[[ Data provided open ]]
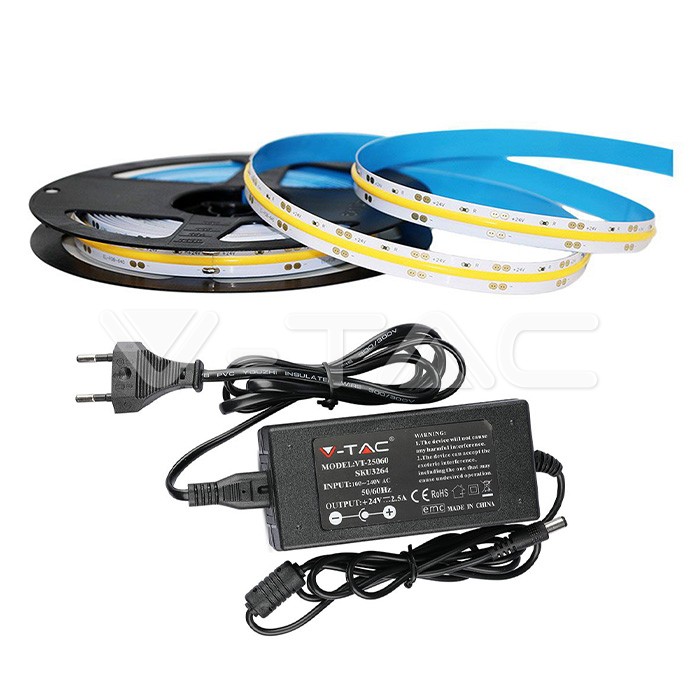 LED Strip Set 280 COB IP20-3000K 10W DC24V 800LM/M / 2652 + 3264 /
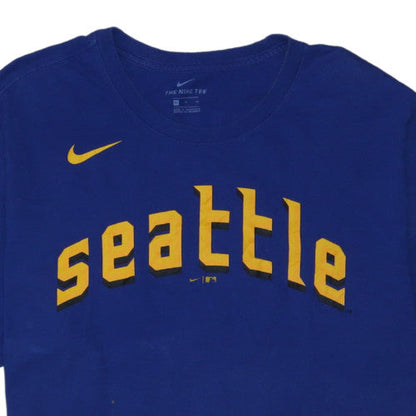 Nike Men's Blue Seattle Ichiro 51 Graphic Short Sleeve T-Shirt Size L
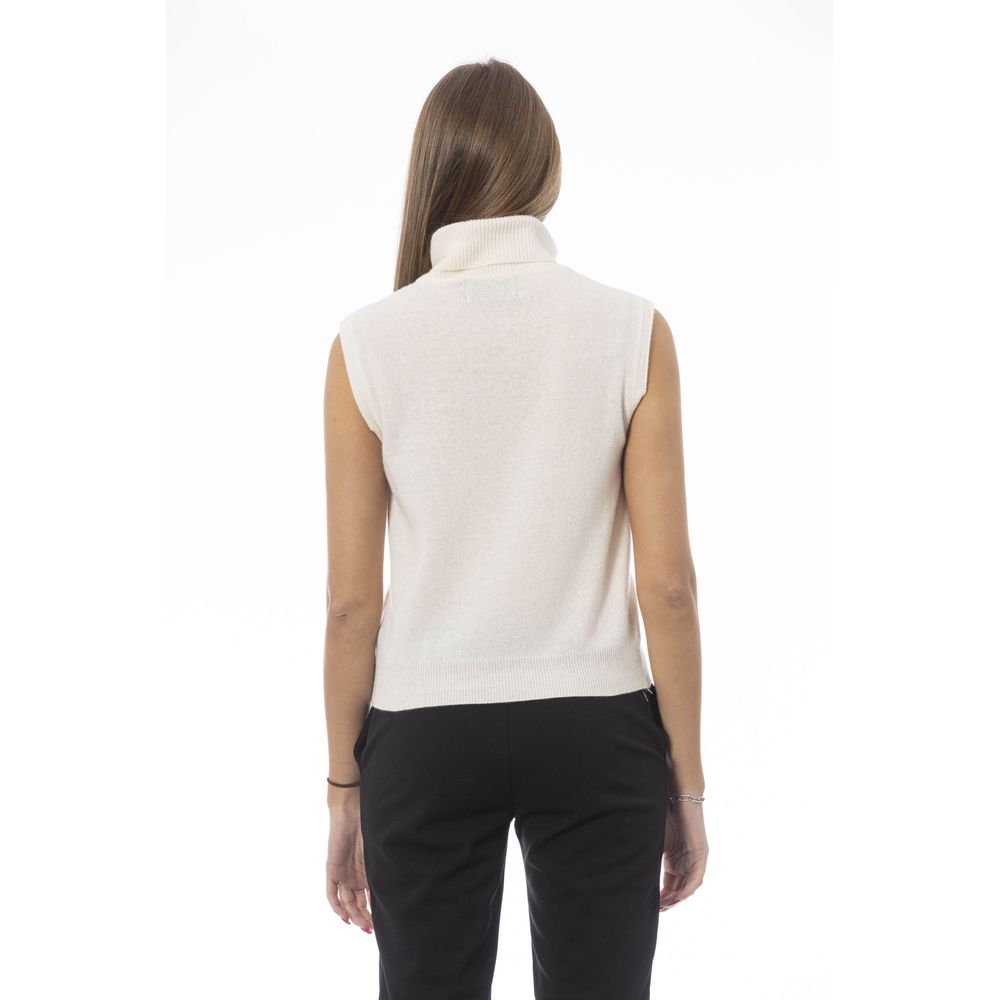 White Wool Women Sweater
[[ Data provided closed ]]
Assigned task ▸ The data above must be written out again without alteration, and the pictures in them must be excluded.

Reply to the exercise ▸
 LED Strip Set 280 COB IP20-3000K 10W DC24V 800LM/M / 2652 + 3264 /
 Nike Men's Blue Seattle Ichiro 51 Graphic Short Sleeve T-Shirt Size L
 White Wool Women Sweater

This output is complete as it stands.